* MATERIAL PROVIDED:
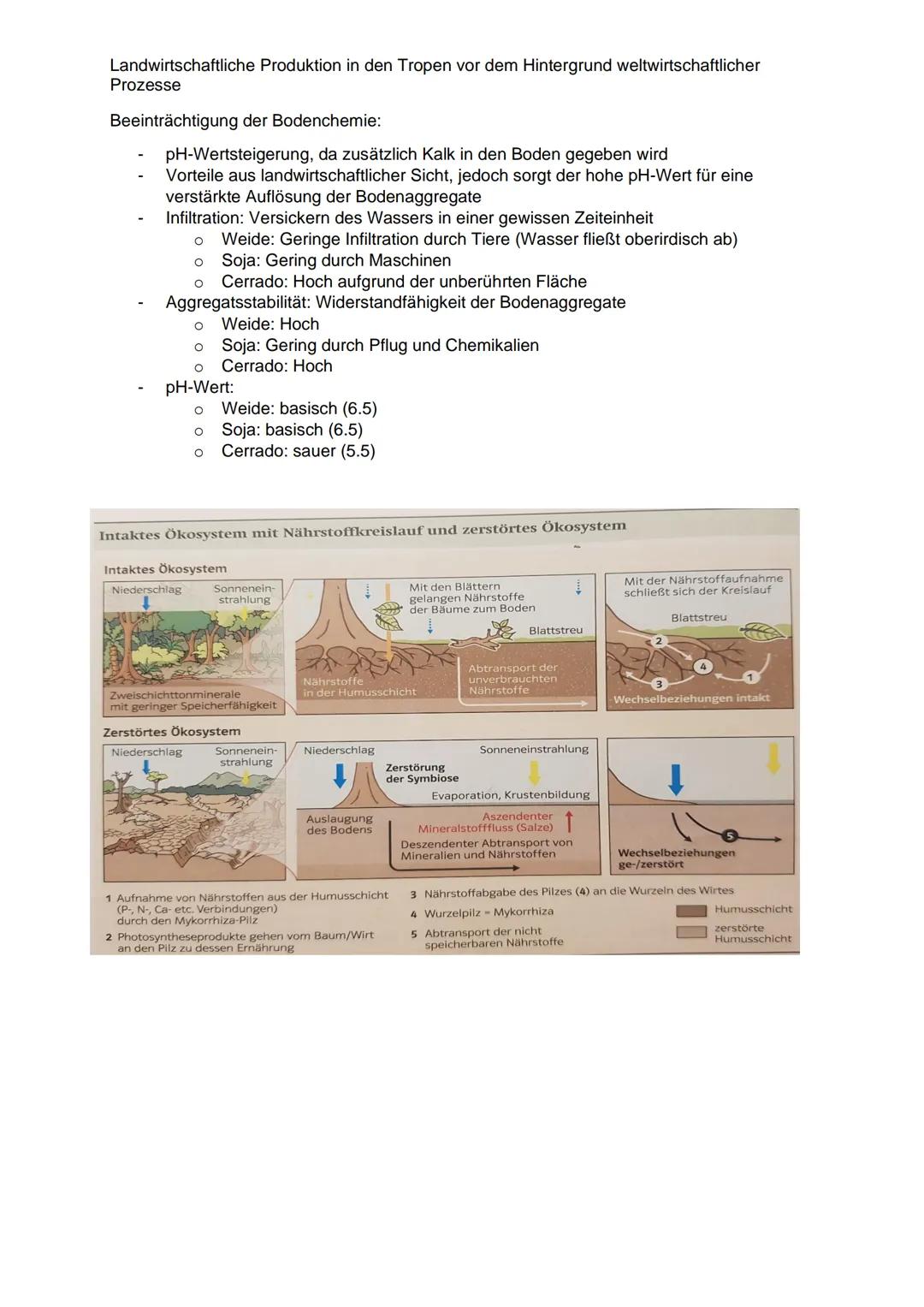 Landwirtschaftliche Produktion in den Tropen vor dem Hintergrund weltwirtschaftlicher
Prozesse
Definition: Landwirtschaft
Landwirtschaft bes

==

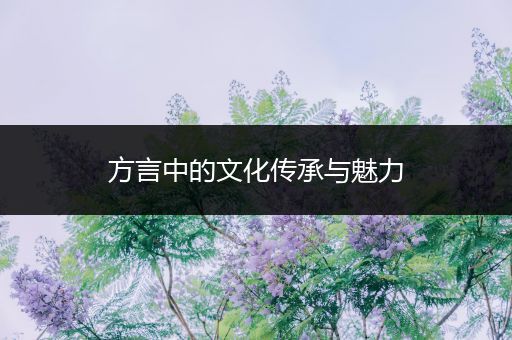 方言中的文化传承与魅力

* * *

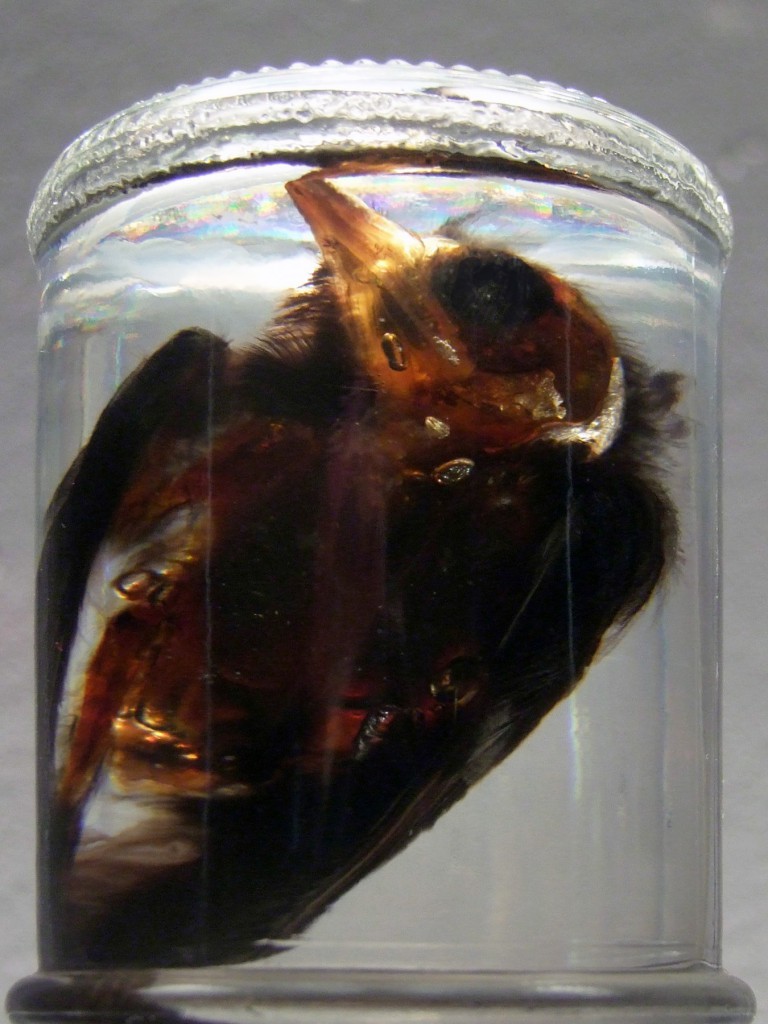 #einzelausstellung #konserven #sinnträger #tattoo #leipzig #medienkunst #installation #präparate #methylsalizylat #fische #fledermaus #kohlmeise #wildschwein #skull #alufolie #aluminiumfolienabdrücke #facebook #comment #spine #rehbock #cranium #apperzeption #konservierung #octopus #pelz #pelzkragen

* WHAT THE EXERCISE ASKS: What should come back is an exact copy of the lines above from the line with "Landwirtschaftliche Produktion in" to the line with "Landwirtschaft bes", both included, minus the pictures.

* WRITTEN SOLUTION:
 Landwirtschaftliche Produktion in den Tropen vor dem Hintergrund weltwirtschaftlicher
Prozesse
Definition: Landwirtschaft
Landwirtschaft bes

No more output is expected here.